Ben bir başkasıdır, cehennem başkaları

Kendimizi hiç görmediğimizi ve asla göremeyeceğimizi düşünmek korkunç. Aslında nasıl göründüğümü bilmek istiyorum, bu aynanın gizlediği bilgiyi elde etmenin
bir yolu olmaması çıldırtıcı geliyor. Sadece gözlerimin içine baktığım anda nasıl göründüğümü biliyorum, ama sadece aynanın karşısında gözlerime bakıyorum. Diğer bütün hallerim insanlar tarafından ele geçirilmiş, benden çalınmış. Kendimizi görmek istediğimizde bir poza bakıyoruz hepimiz. Görmek istediğimiz insana en yakın halimizi takınıyoruz her seferinde. Diyelim ki bir lokantada yemek yiyorum ve kafamı kaldırdığımda karşımda biri olduğunu fark ediyorum ve aniden baktığım şeyin daha önce orada olduğunu görmediğim aynadaki aksim olduğunu anlayınca
garip bir tedirginlikle irkiliyorum. Kendimi gerçeğe en yakın halimle görmüş olmanın tiksintisini duyumsuyorum. Bir pozdan öte bir şey olduğumu görmek sinirlerimi bozuyor, iştahım kaçıyor. Başımı yeniden kaldırdığımda biliyorum ki bu kez aynada "kendimi" göremeyeceğim.

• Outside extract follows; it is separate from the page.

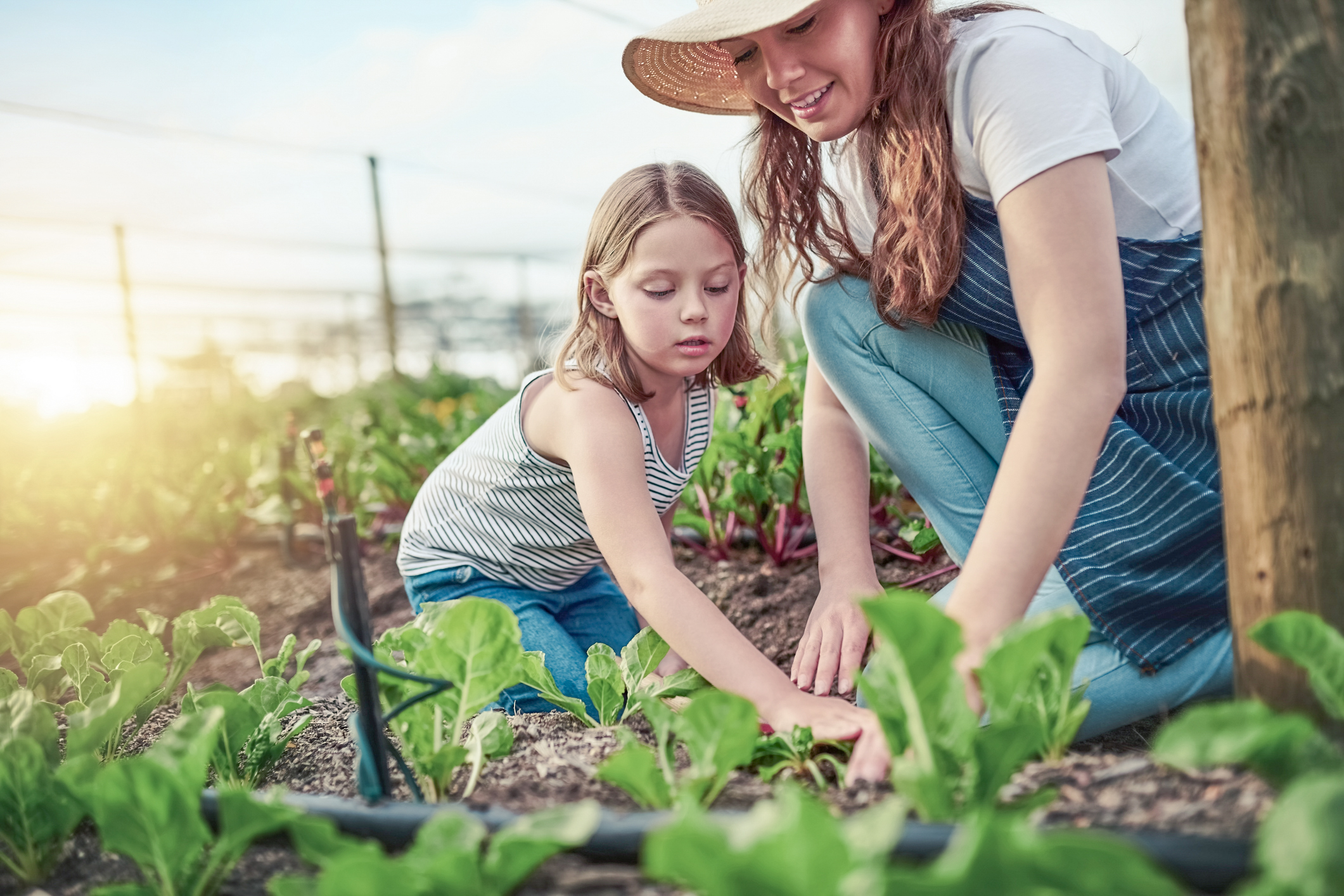 Jak postępować z raną zabrudzoną ziemią? Mama i córka pracują spokojnie w ogrodzie, ponieważ wiedzą, jak postępować z raną zabrudzoną ziemią.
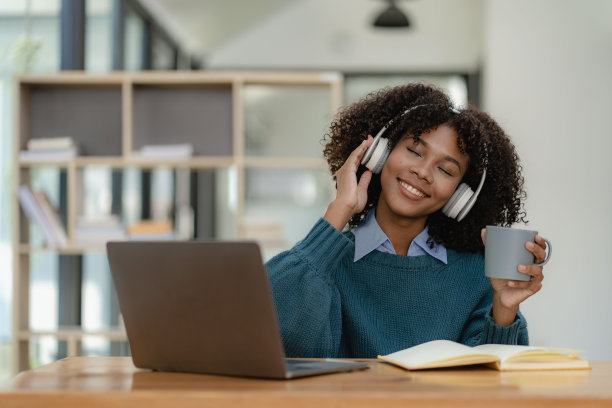 专注于年轻的非洲大学生在客厅用笔记本电脑工作，并使用笔记本电脑在线学习。微笑的女孩观看网络研讨会或远程教育课程图片下载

İnsanlardan en çok bu yüzden kaçıyoruz. Narsisizm çağında kimsenin gerçek imgemizi ele geçirmesini istemiyoruz. Konuşmaya kendimizi fazla kaptırdığımız anlarda sesimizin fazla yüksek çıktığını, heyecanlandığımız zaman ellerimizin titrediğini, annemizle bir saatten fazla kavga etmeden bir arada bulunamadığımızı, işte sorun yaşadığımızda ağladığımızı, öfkelendiğimizde ağzımızı çok fena bozduğumuzu, genelde yataktan barut fıçısı gibi
kalktığımızı ve neredeyse kapılarla kavga edecek kadar sinirli olduğumuzu, kriz anlarında paniğe kapıldığımızı, çare bulana kadar deli dumrul gibi gibi dolandığımızı, yabancılardan oluşan topluluklar içinde çekingenliğimizi saklayamadığımızı, pazarlık yapamayacak kadar utangaç
olduğumuzu ya da pazarlık yapmadan manavdan elma bile alamadığımızı bir başkası bilsin istemiyoruz.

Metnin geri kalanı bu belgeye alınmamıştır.